(About this task)
Pictures in the records below must be left out. Return exactly the lines from the line with "American Education, Paperback" to the line with "Gampaha District Negombo View from Property", both included.

(Data shown)
^^^^^^^^
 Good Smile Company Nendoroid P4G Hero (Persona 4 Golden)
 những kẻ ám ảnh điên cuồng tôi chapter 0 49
^^^^^^^^
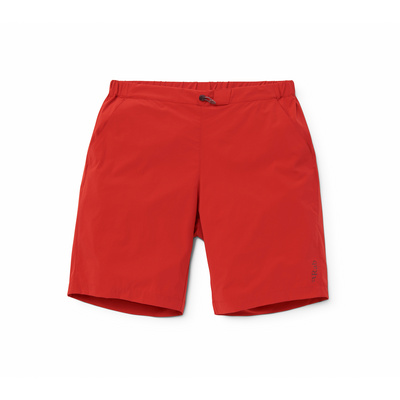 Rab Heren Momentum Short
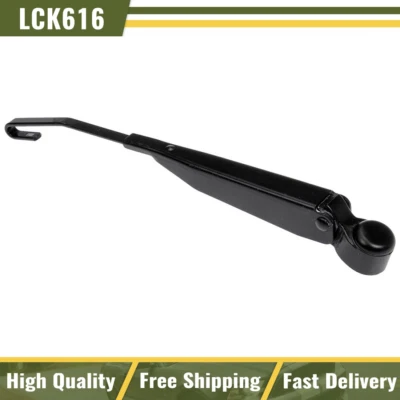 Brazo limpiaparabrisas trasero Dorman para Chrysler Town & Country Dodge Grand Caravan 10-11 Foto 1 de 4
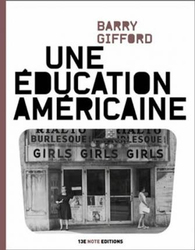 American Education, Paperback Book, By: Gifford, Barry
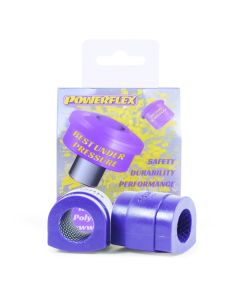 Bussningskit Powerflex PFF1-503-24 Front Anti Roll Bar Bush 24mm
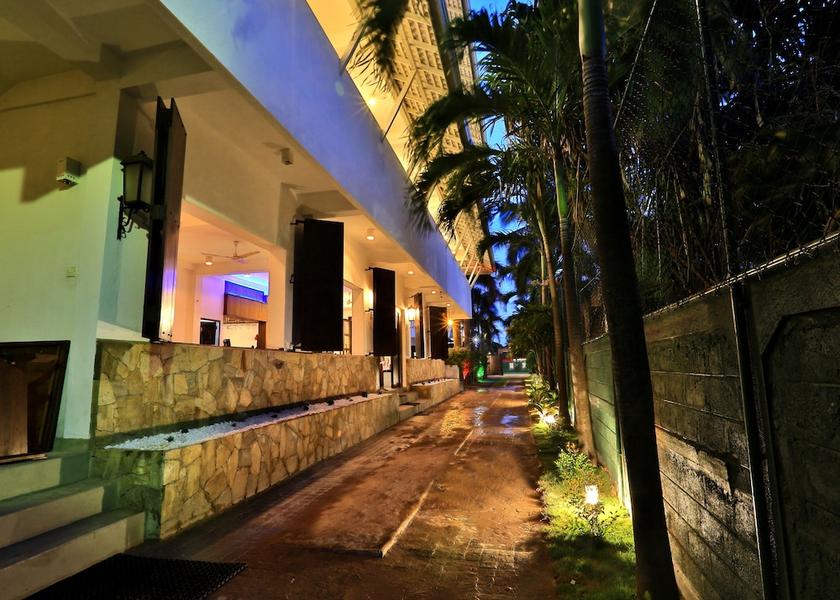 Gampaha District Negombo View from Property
^^^^^^^^
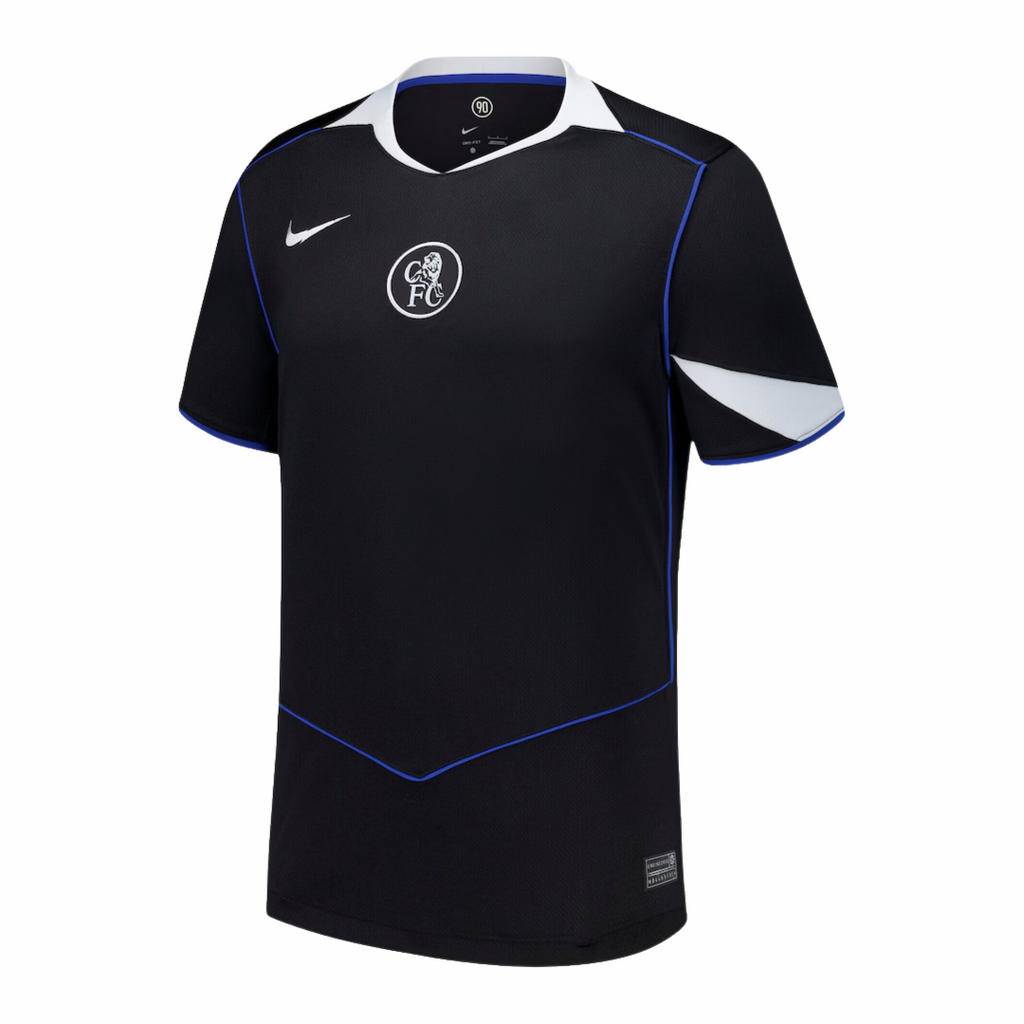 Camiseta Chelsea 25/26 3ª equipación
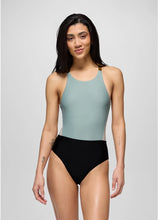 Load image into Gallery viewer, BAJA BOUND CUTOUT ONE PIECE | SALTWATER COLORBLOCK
^^^^^^^^
(Task response)
 American Education, Paperback Book, By: Gifford, Barry
 Bussningskit Powerflex PFF1-503-24 Front Anti Roll Bar Bush 24mm
 Gampaha District Negombo View from Property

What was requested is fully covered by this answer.